WHAT IS REQUIRED. Each line with the word "https" must appear in the answer, copied from the records.

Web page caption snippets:
────────────────
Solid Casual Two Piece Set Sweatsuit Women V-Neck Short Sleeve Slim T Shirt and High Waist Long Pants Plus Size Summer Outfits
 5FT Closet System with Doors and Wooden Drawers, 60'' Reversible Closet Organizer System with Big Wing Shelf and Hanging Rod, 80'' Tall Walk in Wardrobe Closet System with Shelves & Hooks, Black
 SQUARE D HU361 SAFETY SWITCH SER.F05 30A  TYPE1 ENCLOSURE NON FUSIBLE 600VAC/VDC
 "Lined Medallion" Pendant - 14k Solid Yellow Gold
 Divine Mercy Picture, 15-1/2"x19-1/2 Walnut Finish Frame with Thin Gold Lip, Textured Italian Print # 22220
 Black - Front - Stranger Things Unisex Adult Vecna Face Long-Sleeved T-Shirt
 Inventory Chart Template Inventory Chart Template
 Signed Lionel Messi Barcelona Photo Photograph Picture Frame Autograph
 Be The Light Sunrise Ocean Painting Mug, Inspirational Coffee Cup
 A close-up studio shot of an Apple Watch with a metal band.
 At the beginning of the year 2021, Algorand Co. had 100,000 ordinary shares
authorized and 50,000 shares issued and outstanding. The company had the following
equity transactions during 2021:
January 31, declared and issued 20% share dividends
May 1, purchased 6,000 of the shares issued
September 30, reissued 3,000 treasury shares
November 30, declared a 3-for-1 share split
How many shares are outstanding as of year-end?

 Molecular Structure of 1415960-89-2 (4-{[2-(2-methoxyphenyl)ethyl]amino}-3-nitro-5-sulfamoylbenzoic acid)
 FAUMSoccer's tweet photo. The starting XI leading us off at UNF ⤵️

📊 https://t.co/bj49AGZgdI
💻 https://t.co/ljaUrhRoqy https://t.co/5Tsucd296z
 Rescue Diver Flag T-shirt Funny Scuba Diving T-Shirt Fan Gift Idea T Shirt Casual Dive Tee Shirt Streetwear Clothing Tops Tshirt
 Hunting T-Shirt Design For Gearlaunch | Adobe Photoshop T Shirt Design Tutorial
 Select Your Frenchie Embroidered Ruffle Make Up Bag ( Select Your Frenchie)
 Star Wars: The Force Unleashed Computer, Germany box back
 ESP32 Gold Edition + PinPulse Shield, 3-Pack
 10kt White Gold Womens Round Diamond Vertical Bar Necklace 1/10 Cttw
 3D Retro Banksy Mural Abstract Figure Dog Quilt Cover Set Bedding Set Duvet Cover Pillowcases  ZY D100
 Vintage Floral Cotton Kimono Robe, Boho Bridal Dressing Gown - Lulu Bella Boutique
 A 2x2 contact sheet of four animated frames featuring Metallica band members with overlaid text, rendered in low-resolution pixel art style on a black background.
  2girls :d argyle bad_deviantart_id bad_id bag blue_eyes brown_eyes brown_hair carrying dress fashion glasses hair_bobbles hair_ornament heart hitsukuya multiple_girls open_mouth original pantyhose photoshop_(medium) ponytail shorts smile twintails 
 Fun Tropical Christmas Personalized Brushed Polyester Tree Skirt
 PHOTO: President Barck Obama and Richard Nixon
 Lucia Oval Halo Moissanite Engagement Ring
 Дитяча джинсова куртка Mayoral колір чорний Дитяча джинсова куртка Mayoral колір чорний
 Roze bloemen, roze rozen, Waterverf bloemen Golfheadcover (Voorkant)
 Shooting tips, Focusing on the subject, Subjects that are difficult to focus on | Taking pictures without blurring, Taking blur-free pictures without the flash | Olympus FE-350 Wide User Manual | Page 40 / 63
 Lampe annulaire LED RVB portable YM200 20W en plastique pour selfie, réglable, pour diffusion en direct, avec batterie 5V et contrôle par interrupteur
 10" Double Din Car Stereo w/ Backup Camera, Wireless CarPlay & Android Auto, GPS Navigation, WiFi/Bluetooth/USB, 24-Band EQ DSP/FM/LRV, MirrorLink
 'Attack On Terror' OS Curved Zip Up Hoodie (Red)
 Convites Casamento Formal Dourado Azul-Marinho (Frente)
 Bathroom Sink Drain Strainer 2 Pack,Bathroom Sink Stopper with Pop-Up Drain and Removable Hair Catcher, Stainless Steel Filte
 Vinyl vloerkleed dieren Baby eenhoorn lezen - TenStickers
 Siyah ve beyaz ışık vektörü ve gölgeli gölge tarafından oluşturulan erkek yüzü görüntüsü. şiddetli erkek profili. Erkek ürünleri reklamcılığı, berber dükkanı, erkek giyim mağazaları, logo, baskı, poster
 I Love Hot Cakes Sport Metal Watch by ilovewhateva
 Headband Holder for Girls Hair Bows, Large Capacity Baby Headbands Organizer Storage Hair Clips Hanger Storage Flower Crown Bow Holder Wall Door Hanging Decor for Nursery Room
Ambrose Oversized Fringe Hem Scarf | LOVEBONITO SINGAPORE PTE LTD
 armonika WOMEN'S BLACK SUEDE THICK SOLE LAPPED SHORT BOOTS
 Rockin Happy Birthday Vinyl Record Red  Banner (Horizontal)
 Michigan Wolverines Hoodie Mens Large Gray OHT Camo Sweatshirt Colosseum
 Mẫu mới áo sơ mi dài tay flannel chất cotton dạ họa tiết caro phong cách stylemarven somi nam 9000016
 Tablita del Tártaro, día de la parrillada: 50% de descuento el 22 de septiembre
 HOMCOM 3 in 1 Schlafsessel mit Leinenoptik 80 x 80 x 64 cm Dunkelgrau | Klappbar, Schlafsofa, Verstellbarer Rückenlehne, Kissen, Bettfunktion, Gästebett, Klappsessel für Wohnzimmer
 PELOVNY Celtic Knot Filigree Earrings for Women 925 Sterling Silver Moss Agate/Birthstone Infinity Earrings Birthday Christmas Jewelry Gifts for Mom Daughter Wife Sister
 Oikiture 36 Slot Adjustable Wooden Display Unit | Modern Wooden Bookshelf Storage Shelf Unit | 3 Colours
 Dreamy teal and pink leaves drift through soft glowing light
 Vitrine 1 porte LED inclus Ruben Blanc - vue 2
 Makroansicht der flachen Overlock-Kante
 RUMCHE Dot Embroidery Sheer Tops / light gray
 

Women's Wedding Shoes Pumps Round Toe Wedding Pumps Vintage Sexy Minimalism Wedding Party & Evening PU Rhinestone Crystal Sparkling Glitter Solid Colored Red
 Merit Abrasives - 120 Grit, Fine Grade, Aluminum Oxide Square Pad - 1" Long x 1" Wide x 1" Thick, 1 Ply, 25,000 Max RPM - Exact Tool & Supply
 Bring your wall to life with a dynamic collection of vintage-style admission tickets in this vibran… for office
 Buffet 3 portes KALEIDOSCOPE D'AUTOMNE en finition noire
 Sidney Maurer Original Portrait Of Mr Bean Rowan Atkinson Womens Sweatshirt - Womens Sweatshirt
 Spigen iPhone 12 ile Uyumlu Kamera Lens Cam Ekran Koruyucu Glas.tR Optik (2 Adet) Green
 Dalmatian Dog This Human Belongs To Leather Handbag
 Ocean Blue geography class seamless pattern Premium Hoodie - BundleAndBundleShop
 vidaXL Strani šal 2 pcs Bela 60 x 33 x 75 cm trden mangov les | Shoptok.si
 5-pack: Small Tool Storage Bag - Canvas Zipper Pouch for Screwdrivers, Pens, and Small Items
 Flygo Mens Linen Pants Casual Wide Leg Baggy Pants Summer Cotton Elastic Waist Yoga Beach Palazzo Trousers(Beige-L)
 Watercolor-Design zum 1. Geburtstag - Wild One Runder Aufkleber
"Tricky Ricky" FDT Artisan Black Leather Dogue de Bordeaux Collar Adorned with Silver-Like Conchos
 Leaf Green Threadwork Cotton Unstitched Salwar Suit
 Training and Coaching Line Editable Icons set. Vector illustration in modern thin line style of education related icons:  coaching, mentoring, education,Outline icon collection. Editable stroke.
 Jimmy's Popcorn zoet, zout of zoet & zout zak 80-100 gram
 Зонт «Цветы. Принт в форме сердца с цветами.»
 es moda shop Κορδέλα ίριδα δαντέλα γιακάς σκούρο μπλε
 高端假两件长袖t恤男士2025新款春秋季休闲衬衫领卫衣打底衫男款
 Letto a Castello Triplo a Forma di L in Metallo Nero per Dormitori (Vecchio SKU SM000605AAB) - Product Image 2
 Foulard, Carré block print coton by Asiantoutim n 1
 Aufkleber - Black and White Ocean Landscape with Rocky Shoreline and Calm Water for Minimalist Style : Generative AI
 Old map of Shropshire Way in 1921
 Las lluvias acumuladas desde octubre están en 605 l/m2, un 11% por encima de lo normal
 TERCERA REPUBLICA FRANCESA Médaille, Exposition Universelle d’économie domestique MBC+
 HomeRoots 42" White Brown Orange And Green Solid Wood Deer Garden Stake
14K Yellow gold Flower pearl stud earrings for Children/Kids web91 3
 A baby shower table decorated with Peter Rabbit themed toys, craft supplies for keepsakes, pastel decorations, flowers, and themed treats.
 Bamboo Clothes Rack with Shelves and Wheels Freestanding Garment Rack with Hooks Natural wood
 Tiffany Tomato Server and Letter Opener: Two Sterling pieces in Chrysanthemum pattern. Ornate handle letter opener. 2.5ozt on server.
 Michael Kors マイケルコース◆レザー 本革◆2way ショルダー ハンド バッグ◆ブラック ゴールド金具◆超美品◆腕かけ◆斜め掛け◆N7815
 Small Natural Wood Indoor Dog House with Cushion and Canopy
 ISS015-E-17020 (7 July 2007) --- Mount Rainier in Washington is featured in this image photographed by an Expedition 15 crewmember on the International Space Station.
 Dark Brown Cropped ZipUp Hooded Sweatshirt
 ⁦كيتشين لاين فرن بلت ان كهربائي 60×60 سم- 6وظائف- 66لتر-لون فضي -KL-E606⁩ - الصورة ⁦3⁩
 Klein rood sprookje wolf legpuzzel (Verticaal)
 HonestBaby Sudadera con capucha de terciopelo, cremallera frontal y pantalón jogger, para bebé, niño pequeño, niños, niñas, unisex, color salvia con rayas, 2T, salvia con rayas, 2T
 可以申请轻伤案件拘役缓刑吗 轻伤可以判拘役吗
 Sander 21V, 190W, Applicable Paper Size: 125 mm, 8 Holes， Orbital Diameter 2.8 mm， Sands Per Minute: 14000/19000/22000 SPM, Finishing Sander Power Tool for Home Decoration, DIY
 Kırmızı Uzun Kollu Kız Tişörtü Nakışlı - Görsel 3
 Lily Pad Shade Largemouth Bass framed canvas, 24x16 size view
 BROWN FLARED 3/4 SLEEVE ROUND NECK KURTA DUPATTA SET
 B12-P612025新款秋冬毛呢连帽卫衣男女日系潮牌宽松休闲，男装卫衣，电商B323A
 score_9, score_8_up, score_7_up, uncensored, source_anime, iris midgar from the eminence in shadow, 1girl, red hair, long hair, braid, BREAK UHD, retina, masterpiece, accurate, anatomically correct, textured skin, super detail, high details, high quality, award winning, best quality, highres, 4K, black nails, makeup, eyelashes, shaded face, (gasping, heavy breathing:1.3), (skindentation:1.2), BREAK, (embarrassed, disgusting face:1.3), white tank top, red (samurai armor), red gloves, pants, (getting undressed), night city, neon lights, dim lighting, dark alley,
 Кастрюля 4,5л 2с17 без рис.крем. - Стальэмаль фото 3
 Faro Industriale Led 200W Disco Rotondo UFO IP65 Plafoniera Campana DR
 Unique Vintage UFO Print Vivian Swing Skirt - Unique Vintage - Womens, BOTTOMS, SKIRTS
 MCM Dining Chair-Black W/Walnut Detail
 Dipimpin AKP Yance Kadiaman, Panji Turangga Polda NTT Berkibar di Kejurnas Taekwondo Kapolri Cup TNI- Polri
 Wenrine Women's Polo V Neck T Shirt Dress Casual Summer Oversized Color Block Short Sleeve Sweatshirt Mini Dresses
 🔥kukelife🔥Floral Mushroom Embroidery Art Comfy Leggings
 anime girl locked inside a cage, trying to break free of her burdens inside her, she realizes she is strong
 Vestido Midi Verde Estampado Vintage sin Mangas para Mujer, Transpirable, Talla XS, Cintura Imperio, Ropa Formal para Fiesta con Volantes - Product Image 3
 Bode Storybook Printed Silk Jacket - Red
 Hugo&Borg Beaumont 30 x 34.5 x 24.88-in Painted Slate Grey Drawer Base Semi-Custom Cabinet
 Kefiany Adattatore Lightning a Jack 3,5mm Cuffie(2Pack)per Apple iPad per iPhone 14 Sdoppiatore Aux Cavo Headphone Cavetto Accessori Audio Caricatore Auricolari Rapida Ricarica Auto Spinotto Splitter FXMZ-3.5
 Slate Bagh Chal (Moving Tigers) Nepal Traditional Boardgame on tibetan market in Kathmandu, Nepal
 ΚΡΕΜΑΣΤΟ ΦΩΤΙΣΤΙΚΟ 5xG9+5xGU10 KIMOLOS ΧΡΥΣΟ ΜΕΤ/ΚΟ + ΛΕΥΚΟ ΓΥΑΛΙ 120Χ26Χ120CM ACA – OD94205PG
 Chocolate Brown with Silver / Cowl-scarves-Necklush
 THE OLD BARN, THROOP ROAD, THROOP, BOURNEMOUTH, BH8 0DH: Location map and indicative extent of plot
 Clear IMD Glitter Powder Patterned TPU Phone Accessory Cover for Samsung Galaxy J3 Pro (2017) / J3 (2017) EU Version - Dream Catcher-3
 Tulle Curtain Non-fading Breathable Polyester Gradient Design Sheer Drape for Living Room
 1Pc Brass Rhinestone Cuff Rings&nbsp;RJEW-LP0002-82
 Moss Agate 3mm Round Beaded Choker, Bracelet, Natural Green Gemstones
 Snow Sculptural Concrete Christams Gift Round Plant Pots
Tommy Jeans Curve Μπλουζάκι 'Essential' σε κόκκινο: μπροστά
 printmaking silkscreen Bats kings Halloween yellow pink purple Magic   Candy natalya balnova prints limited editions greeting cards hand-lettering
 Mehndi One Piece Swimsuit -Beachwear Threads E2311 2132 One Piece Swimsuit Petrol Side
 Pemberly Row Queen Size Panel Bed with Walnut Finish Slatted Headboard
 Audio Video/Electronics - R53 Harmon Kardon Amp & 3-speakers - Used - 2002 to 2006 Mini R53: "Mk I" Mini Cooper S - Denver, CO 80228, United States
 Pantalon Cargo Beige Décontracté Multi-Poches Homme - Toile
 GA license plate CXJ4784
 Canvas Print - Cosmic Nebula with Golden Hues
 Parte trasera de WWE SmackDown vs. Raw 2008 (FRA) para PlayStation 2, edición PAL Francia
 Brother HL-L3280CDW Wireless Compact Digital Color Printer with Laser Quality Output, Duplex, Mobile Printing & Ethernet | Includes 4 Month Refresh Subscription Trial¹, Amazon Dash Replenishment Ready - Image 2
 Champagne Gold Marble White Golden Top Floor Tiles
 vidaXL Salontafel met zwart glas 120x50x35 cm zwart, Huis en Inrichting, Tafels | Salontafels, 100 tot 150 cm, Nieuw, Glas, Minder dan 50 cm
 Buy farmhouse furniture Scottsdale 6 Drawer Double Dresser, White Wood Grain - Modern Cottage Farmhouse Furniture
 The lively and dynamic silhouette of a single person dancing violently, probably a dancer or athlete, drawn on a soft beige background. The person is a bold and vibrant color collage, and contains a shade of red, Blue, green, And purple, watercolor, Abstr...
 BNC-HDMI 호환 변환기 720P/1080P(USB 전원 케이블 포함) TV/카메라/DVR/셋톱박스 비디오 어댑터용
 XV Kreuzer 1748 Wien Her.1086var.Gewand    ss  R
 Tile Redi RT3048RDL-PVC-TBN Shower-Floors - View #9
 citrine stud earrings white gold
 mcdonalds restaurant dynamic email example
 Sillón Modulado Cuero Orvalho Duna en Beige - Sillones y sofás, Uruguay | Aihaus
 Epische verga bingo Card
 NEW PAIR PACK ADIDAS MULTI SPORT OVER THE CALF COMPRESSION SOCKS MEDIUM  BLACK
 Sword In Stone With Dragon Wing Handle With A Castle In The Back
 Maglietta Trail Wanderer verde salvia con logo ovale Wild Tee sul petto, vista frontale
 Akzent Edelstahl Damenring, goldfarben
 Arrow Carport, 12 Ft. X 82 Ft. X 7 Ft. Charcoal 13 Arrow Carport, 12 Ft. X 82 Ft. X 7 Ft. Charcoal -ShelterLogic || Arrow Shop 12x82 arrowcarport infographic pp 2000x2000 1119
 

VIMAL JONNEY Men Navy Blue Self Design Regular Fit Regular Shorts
────────────────
ANSWER AREA.
📊 https://t.co/bj49AGZgdI
💻 https://t.co/ljaUrhRoqy https://t.co/5Tsucd296z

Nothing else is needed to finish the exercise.